CSpell

Performance Tests for Ensemble

I. Introduction

Performance tests on the test set are conducted on the Ensemble Spelling as the baseline to compare to CSpell.

II. Setup

  • Program:
    ${C_SPELL}/SpellCorrection/bin/runSpellingAllData
    4 (CSpell data - NER)
    3, 4 (nonword, real-word)
    4 (methods)
  • InData:
    ${C_SPELL}/SpellCorrection/CHQA_SpellCorrection_Dataset/ResultCSpellData/
  • OutData:
    ${C_SPELL}/SpellCorrection/CHQA_SpellCorrection_Dataset/ResultCSpellData/LinearWeighted_nw_OUT_4
    ${C_SPELL}/SpellCorrection/CHQA_SpellCorrection_Dataset/ResultCSpellData/LinearWeighted_rw_OUT_4

    Backup on:

    • ${C_SPELL}/SpellCorrection/CHQA_SpellCorrection_Dataset/ResultCSpellData.baseline
    • ${C_SPELL}/PostProcess/data/Test/NewTest/TestData/9_Baseline/Offical/*

III. Performance Results

  • Non-word Only GoldStd

    Methods Revised GoldStd
    TP|Ret|Rel
    Precision|Recall|F1
    4. Ensemble 559|966|974
    0.5787|0.5739|0.5763

  • Read-word Included GoldStd(Only Ensemble option works for Real-Word)

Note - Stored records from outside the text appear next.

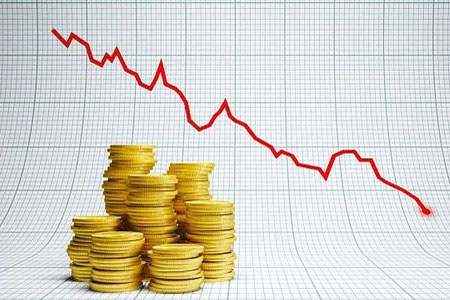 外盘期货休市日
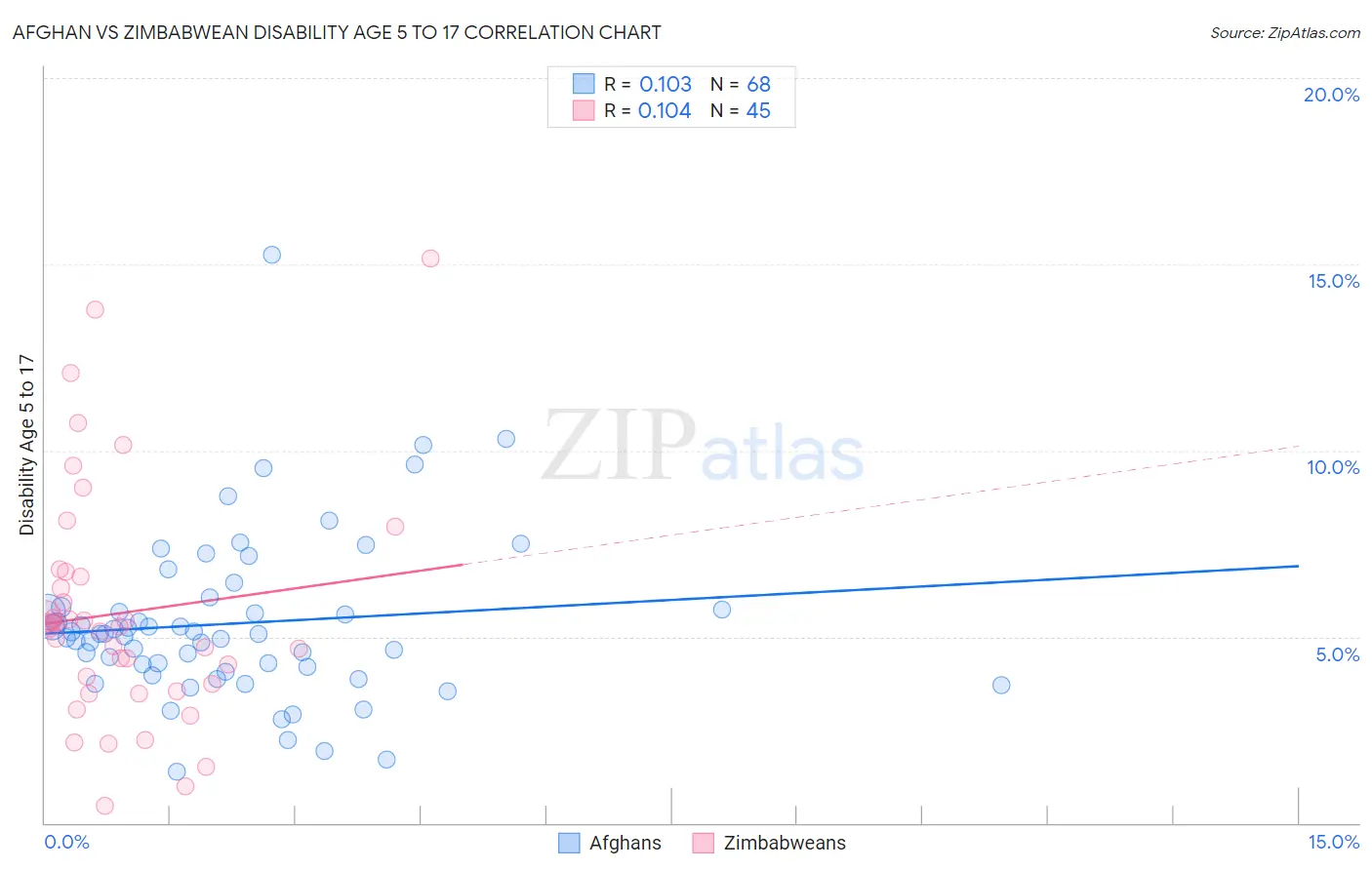Afghan vs Zimbabwean Disability Age 5 to 17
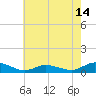 Blake Cove tide chart for Wednesday, May 14, 2025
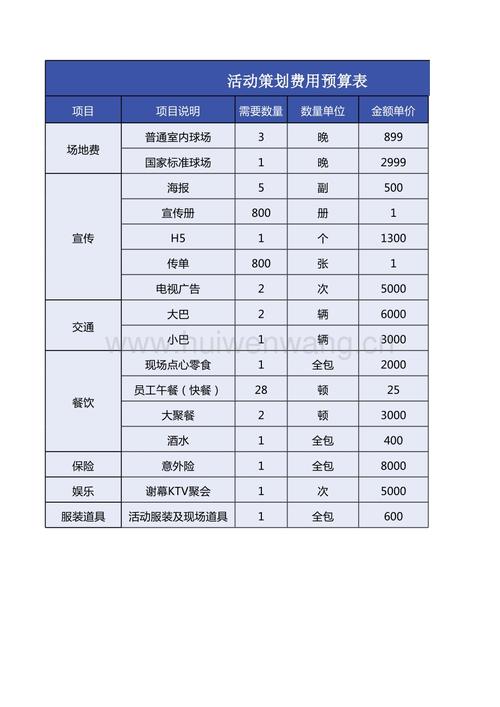 活动策划收入来源（活动策划费入什么科目）-图1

    MethodsRevised GoldStd
    TP|Ret|Rel
    Precision|Recall|F1
    4. Ensemble (NW) 560|966|1178
    0.5797|0.4754|0.5224
    4. Ensemble (RW) 520|810|1178
    0.6420|0.4414|0.5231

The results of non-word and real-word options from Ensemble seems do not have too much difference.